Arizona deserts in the winter are more beautiful than barren

I grew up as a military brat (Coast Guard brat, specifically), so my family moved to a different part of the country every two or three years. I think that nomadic lifestyle has shaped my love for seeing different parts of America. In fact, I’m more interested in discovering the mysteries of, say, Kansas City than I am interested in exploring Paris, France.

During the weekend of Thanksgiving Leslie and I visited her father, Vern, in Tucson, Arizona. Vern has lived in Tucson for the last three years and this was our first real chance to spend some time with him out west. I’d never been to Tucson so I didn’t know exactly what to expect.

Fortunately, my good buddy Fred Mills, editor at Blurt Online Magazine, lived in Tucson for over a decade. I asked him to make a list of things to see and do while in Tucson and he came up with a great list of about 20 essentials.


A mountain lioness at the Sonoran Desert Museum in Tucson.
The first thing on Fred’s list that Leslie and I did was have brunch at the Club Café at the historic Hotel Congress in downtown Tucson. Built in 1919 to serve the growing cattle industry and railroad passengers of the Southern Pacific Line, the Hotel Congress is the site of one of the most intriguing criminal captures in America. On January 22, 1934 a fire started in the basement of the hotel forcing the evacuation of all of the guests, including the notorious John Dillinger gang that was “laying low” on the third floor after a series of bank robberies. Members of the gang tipped two firemen to retrieve their luggage, later revealed to contain $23,816 in cash and a small arsenal. One the firemen later recognized the gang from a description in True Detective Magazine and contacted the police. Within hours, the small Tucson Police Department had achieved what hundreds of FBI agents had not, and without a single shot fired. After his capture, Dillinger muttered, “Well, I’ll be damned!”

Later that year, Dillinger escaped from the “ecape-proof” Lake County jail in Crown Point, Indiana using a fake pistol carved from a piece of soap and blackened with shoe polish. Exactly six months after the fire at the Hotel Congress, Dillinger was gunned down by FBI agents outside the Biograph Theater in the Lincoln Park neighborhood of Chicago.

Tucson receives an average of 12 inches a rainfall per year, mainly in the late summer and early fall. During the first two days we were in the city we saw more than two inches fall at Vern’s place. This unusual circumstance provided us with some spectacular visions of desert rainbows and low gray clouds hanging over the bone white mission churches. You could practically see flowers bloom in front of your eyes as plants soaked up the rain.
Speaking of plants, a lot of easterners have this idea that the deserts of the Southwest are just big sandboxes with the occasional tumbleweed rolling by. While it is true that there are not as many trees in Tucson, the place is filled with strange forms of vegetation that have carved out little niches in the arid environments of the desert.

The Sonoran Desert Museum 10 miles west of downtown Tucson is a fantastic place to learn how different plants and animals make their homes in the arid Southwest.
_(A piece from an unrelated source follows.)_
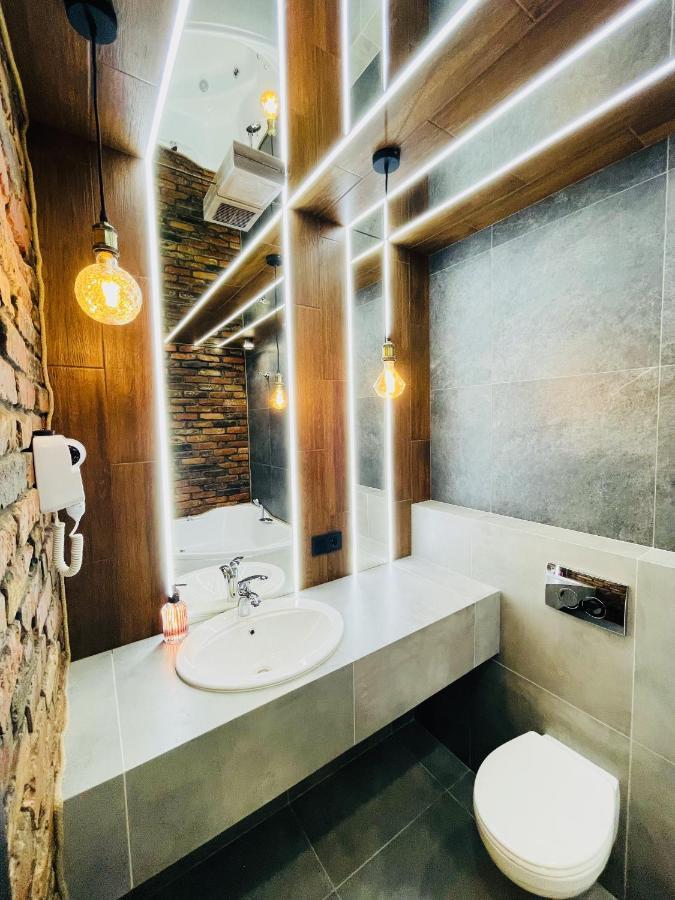 LOFT в RIVER PARK с джакузи Дніпро Екстер'єр фото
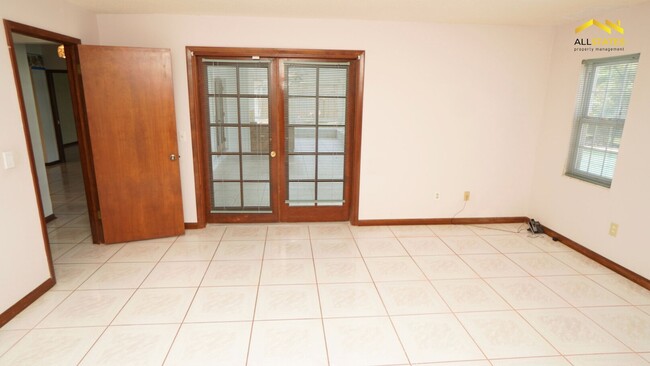 Building Photo - 3826 N Lake Orlando Pkwy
The place has indoor and outdoor exhibits and caves where you can see how the desert used to be a giant inland sea. The outdoor exhibits include live desert predators such as mountain lions, bobcats and ocelots.

Unfortunately, not all of the parks of the greater Tucson area were as beautiful as the Sonora Desert. We visited the Coronado National Forest just northeast of Tucson the day after Thanksgiving. It is in the Catalina Mountains and features fantastic views of the city of Tucson and its surrounding vistas. Coronado allows sportsmen to bring rifles and all terrain vehicles (ATVs) into the park and therein lies the problem. The park is littered with spent shotgun shells, broken beer bottles and other forms of trash.

The saguaro cacti in Coronado, some of which are hundreds of years old, have been shot with guns and pelted with rocks. The scarred old cacti of Coronado stand in stark contrast to their majestic brethren in other park areas around Tucson. It just goes to show you that ignorance and selfishness are problems in all parts of our country.

Counties in Arizona are as big as some eastern states and Tucson’s Pima Country is over 9,000 square miles in area. The county stretches over 100 miles from east to west and last year its population surpassed 1 million for the first time. The county has seen a nearly 20% increase in population over the past decade. You could say people are dying to get there…and you would be right, unfortunately. Because Pima County shares a border with Mexico, it is one of the hot spots for illegal immigrants looking for work in the United States. According to the Pima County Sheriff’s Department, 272 unidentified bodies of illegal immigrants have been found in the southern part of the county from 2005 to 2008. That’s a heartbreaking number when you contemplate that each of these persons has a family who wonders what happened to them.

I found Tucson to be a magical city from the old downtown area to the University of Arizona campus to the saguaro-filled outskirts. It makes me eager to visit some other American places I have yet to see.